HADİS ANA SAYFASI – MEZHEBLER ANA SAYFASI
HANEFİ MEZHEBİ :
İmam-ı Âzam lâkabıyla
şöhret bulan Ebu Hanîfe'ye izâfe edilen fıkıh ekolünün adı. Ebu Hanife'nin asıl
adı Numân, babasının adı Sâbit, dedesinin adı ise Zuta'dır. Zuta, Irak ve
İran'ın müslümanların eline geçmesinden sonra müslüman olmuş ve Kufe'ye
yerleşmiştir. O ve oğlu Sâbit Kufe'de Hz. Ali ile görüşmüştür
Ebu Hanîfe H. 80 yılında Kufe'de
doğdu, varlıklı bir ailenin çocuğu olarak orada yetişti. Irak ve Hicaz Ebu
Hanife'nin yetiştiği dönemde önemli iki ilim merkezi hâlindeydi. Çünkü Hz. Ömer
(ö.23/643) devrinde Fustat (eski Mısır), Kufe ve Basra gibi büyük İslâm
şehirleri kurulmuş ve bu merkezlere aralarında birçok sahâbenin de bulunduğu
binlerce müslüman yerleşmişti. Hz. Ömer Kufe'ye fasih Arapça konuşan kabîleleri
yerleştirmiş ve Abdullah b.
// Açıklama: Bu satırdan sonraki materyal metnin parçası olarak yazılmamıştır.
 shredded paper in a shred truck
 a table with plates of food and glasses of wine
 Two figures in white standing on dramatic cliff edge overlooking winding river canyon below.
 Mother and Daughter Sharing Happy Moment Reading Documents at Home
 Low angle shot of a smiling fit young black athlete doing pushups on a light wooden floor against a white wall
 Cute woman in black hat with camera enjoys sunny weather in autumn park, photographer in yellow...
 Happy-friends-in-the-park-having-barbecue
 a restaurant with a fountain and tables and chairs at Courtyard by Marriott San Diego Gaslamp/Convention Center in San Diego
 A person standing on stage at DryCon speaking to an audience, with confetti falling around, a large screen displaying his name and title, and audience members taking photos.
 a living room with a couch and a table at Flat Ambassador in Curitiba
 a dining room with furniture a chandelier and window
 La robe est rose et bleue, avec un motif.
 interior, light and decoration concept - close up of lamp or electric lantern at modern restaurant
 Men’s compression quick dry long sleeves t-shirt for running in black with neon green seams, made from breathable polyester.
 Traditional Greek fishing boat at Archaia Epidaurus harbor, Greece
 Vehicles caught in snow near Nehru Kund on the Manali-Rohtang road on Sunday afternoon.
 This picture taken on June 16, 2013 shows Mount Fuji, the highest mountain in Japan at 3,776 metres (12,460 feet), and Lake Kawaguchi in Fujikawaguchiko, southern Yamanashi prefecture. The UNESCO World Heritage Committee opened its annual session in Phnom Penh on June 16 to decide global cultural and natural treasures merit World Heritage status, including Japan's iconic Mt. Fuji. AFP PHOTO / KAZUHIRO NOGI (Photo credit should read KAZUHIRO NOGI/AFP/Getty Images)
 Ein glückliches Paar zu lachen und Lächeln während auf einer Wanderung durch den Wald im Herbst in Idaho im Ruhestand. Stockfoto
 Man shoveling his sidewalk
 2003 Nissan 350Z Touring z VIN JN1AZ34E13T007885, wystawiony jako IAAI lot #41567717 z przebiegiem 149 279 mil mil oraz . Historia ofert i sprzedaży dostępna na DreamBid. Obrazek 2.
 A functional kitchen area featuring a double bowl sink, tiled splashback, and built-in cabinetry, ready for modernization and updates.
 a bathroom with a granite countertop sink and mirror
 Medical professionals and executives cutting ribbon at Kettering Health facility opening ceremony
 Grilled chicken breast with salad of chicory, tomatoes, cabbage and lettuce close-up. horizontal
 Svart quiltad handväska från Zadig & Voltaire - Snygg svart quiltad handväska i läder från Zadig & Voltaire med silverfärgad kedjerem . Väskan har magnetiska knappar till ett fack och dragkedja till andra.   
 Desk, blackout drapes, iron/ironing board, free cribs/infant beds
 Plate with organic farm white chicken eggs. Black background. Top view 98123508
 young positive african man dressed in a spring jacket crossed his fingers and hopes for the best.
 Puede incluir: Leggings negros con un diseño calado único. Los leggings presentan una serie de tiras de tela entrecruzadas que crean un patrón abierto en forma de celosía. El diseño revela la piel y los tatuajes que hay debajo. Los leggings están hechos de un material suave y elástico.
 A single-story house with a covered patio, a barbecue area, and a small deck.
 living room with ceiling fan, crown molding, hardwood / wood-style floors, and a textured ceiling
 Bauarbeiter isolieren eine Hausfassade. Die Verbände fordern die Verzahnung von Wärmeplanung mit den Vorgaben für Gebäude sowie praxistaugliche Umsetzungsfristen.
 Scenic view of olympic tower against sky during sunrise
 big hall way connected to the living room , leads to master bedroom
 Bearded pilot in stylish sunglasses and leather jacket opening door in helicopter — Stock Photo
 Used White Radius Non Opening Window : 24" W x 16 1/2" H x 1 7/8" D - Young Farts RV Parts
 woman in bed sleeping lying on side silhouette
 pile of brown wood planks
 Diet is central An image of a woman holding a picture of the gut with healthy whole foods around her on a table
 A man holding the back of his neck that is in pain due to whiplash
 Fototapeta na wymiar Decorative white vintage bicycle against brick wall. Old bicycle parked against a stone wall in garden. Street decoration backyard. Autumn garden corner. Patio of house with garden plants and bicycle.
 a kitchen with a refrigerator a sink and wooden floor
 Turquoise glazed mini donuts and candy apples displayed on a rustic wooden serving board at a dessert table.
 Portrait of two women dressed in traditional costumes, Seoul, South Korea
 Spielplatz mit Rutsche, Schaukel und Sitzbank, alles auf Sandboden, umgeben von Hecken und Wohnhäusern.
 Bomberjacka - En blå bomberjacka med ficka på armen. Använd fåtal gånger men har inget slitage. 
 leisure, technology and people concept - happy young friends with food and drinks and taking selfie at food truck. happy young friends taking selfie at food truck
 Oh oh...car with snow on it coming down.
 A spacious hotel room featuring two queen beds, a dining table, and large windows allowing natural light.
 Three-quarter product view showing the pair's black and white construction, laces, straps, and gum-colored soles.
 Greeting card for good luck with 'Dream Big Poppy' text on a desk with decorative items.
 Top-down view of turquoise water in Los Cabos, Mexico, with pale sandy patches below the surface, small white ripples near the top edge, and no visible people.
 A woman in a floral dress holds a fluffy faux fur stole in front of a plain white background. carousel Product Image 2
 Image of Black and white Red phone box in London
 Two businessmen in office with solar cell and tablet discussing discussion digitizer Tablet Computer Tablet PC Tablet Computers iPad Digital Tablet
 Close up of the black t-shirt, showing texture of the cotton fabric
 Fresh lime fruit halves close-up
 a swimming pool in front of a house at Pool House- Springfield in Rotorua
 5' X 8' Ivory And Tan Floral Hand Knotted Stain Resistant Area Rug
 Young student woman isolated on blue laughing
Mes'ud (ö. 32/652)'a onlara ilim öğretmesi için
göndermiş, "kendisine ihtiyacım olduğu halde Abdullah'ı size göndermeyi
tercih ettim" demiştir (İbnü'l-Kayyim, İ'lâmü'l-Muvakkin, I, 16, 17, 20).
İbn Mes'ud, Kufe'nin
kuruluşundan Hz. Osman'ın halifeliğinin sonlarına kadar Kufelilere Kur'ân ve
fıkıh öğretmiştir. Bu sayede orası, pekçok kurrâ, fıkıh ve hadis bilginiyle dolmuştur.
Onun talebelerinin dört bin dolaylarında olduğu söylenir. Ayrıca Kufe'de Sa'd
b. Ebî Vakkas (ö. 55/675), Huzeyfe İbnü'l-Yemân (ö. 36/656), Selmân-ı Fârisî
(ö. 36/656), Ammâr b. Yâsir (ö.34/657), Muğîre b. Şu'be (ö. 50/670), Ebu Musa-Eş'ar,
(ö. 44/664) gibi. seçkin sahâbiler de bulunuyordu (en-Neysâburî, Ma'rifetu Ulumi'l-Hadîs,
nşr. es-Seyyid Muazzam, Kahire 1937, s. 191, 192). Bunlar İbn Mes'ud'a yardımcı
oluyorlardı. Hz. Ali Kufe'ye geldiğinde buradaki fakihlerin çokluğuna sevinmiş,
"Allah, İbn Mes'ud'a
rahmet etsin, bu şehri ilimle doldurmuş; İbn Mes'ud'un öğrencileri bu şehrin
kandilleridir" demiştir (el-Kevserî, Fıkhu Ehli'l-Irak ve Hadisühum,
Nasbü'r-Râye mukaddimesi, I, 29, 30).
Mısır'a yerleşen
sahâbilerin üç yüz dolaylarında olmasına karşılık el-İclî, yalnız Kufe'ye
yerleşen sahâbilerin bin beş yüz dolaylarında olduğunu, bunlardan yetmiş
kadarının Bedir savaşına katıldıklarını söyler.
Kufe'de bu alim
sahâbelerden feyiz ve ilim alarak ictihad yapabilecek dereceye ulaşan
tâbiîlerden bazıları da şunlardır: Alkame b Kays (ö. 62/681), el-Esved b. Yezîd
(ö. 75/694), Şurayh b. e1-Hâris (ö. 78/697), Mesruk b. el-Ecda' (ö. 63/683),
Abdurrahmân b. Ebî Leylâ (ö. 148/765), İbrahim en-Nehâî (ö. 96/714),
Âmiru'ş-Şa'bi (ö. 103/721), Said b. Cübeyr (ö. 95/714), Hammâd b. Ebî Süleyman
(ö. 120/738).
İşte Hanefi mezhebînin
kurucusu Ebu Hanîfe (ö.150/767) böyle bir ilim ortamında yetişti. Ebu
Hanife'nin fıkhı, kendisinden on sekiz yıl ders aldığı Hammad b. Ebî Süleyman
vâsıtasıyla, İbrahim en-Nehâî, Alkame ve Esved yoluyla, Abdullah b. Mes'ud, Hz.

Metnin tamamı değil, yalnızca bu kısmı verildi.